─── RECORDS ───

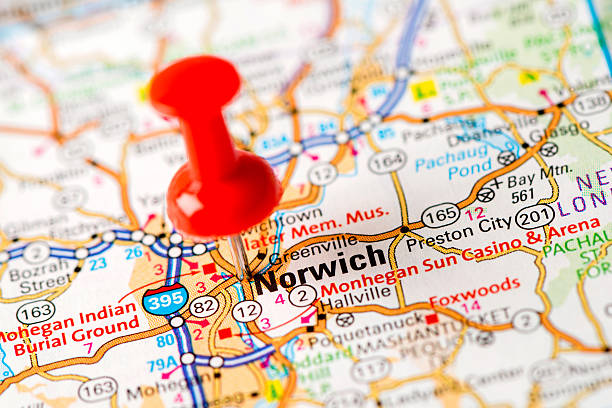 istock US capital cities on map series: Norwich, CT 181859017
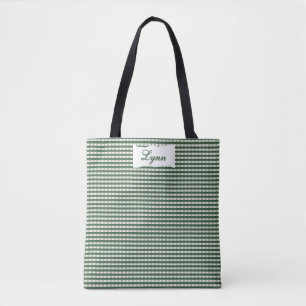 Klassisches Grün-Weiß-Gingham Personalisierter N Tasche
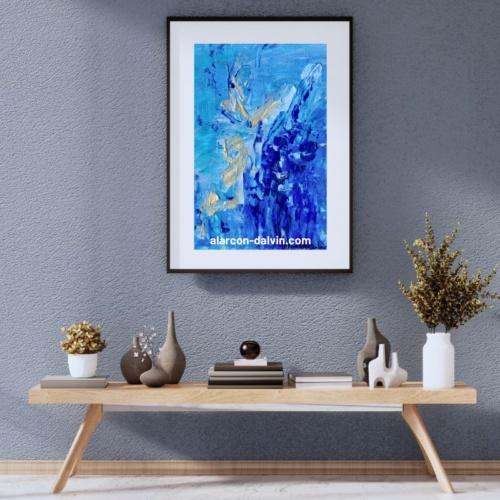 Tableau moderne abstrait bleu et or, technique au couteau sur toile.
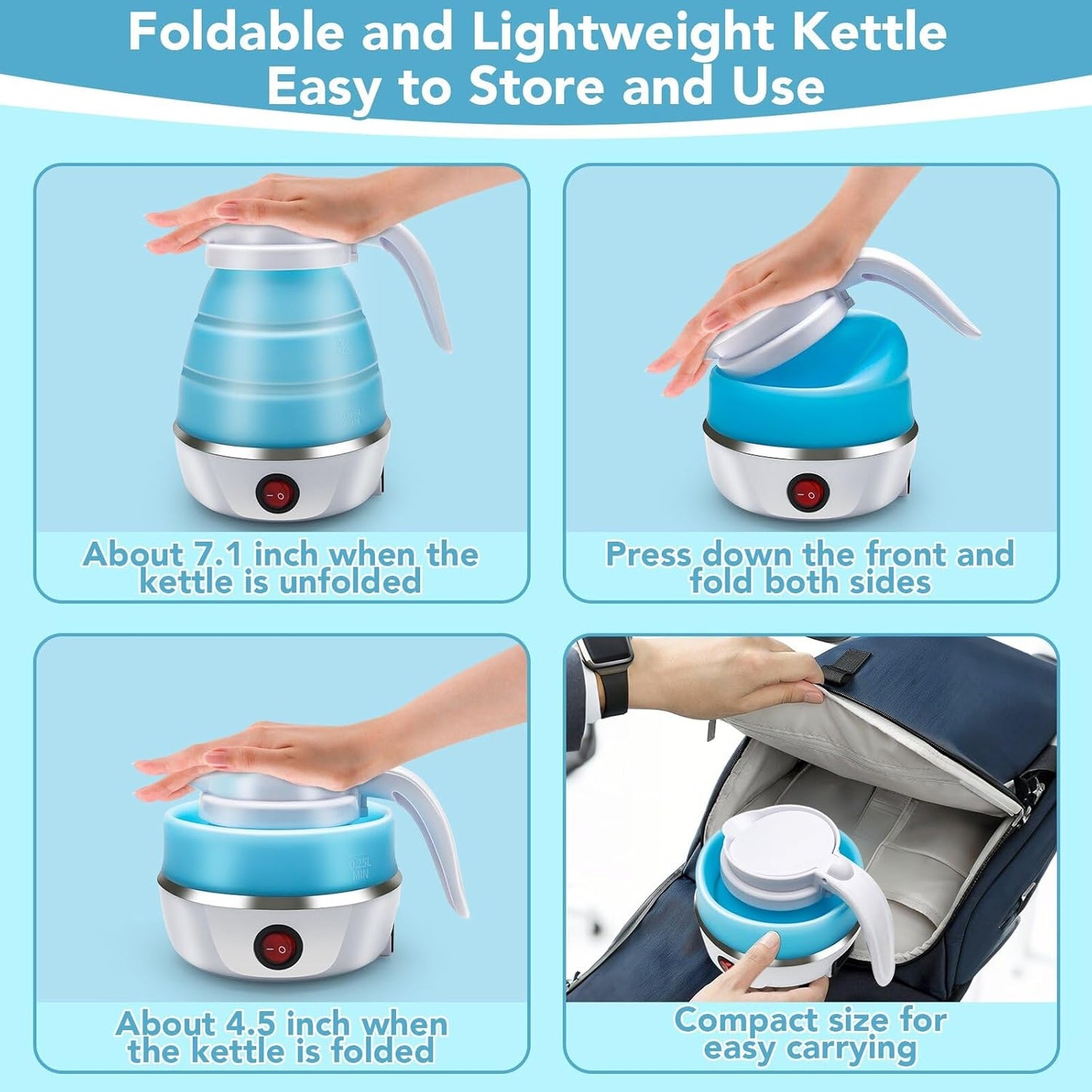 Travel Kettle Electric Small Foldable Portable Kettle,Silicone Collapsible Heating Water Boiler Tea Pot for Camping,Easy for Storage with Separable Power Cord (Blue Pro)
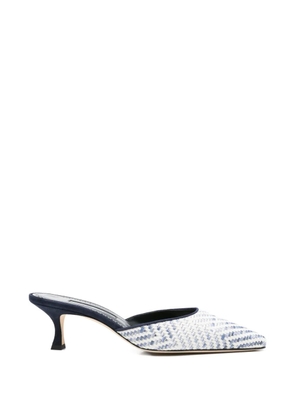 Manolo Blahnik Carolynemu raffia mules - White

───

● **REQUIRED WORK**: Repeat the records in full and exactly, leaving every picture out.

● **FINISHED TASK**:
 istock US capital cities on map series: Norwich, CT 181859017
 Klassisches Grün-Weiß-Gingham Personalisierter N Tasche
 Tableau moderne abstrait bleu et or, technique au couteau sur toile.
 Travel Kettle Electric Small Foldable Portable Kettle,Silicone Collapsible Heating Water Boiler Tea Pot for Camping,Easy for Storage with Separable Power Cord (Blue Pro)
 Manolo Blahnik Carolynemu raffia mules - White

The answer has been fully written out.